DATA SECTION:
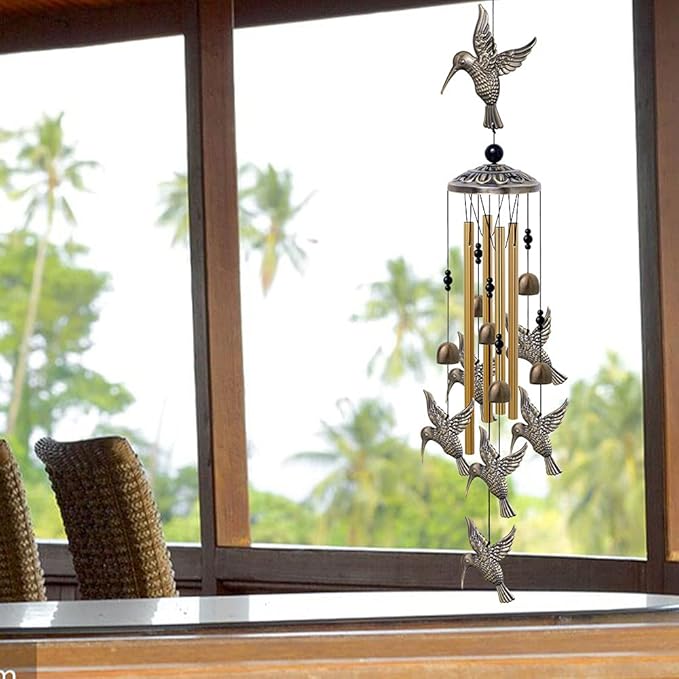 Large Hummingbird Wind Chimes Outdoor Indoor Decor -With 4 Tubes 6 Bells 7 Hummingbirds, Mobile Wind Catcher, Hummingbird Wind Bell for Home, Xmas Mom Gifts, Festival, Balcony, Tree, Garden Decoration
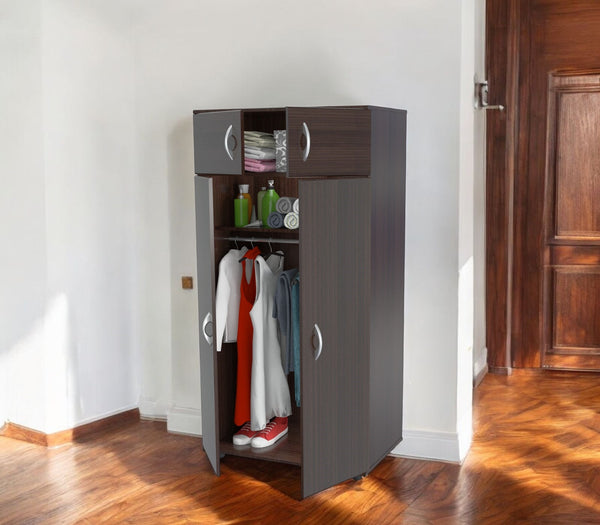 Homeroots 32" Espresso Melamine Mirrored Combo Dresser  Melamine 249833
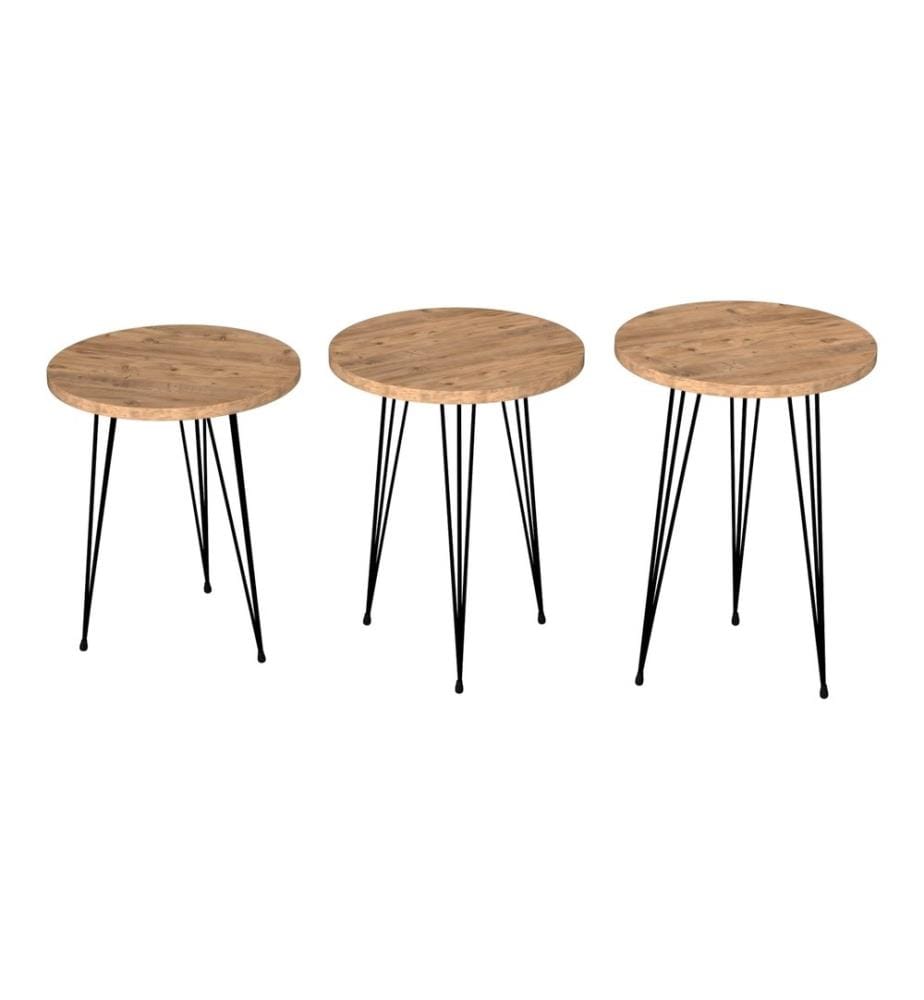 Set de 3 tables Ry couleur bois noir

ASSIGNMENT: With the images omitted, return the full material exactly.

SOLUTION FOR THIS TASK:
 Large Hummingbird Wind Chimes Outdoor Indoor Decor -With 4 Tubes 6 Bells 7 Hummingbirds, Mobile Wind Catcher, Hummingbird Wind Bell for Home, Xmas Mom Gifts, Festival, Balcony, Tree, Garden Decoration
 Homeroots 32" Espresso Melamine Mirrored Combo Dresser  Melamine 249833
 Set de 3 tables Ry couleur bois noir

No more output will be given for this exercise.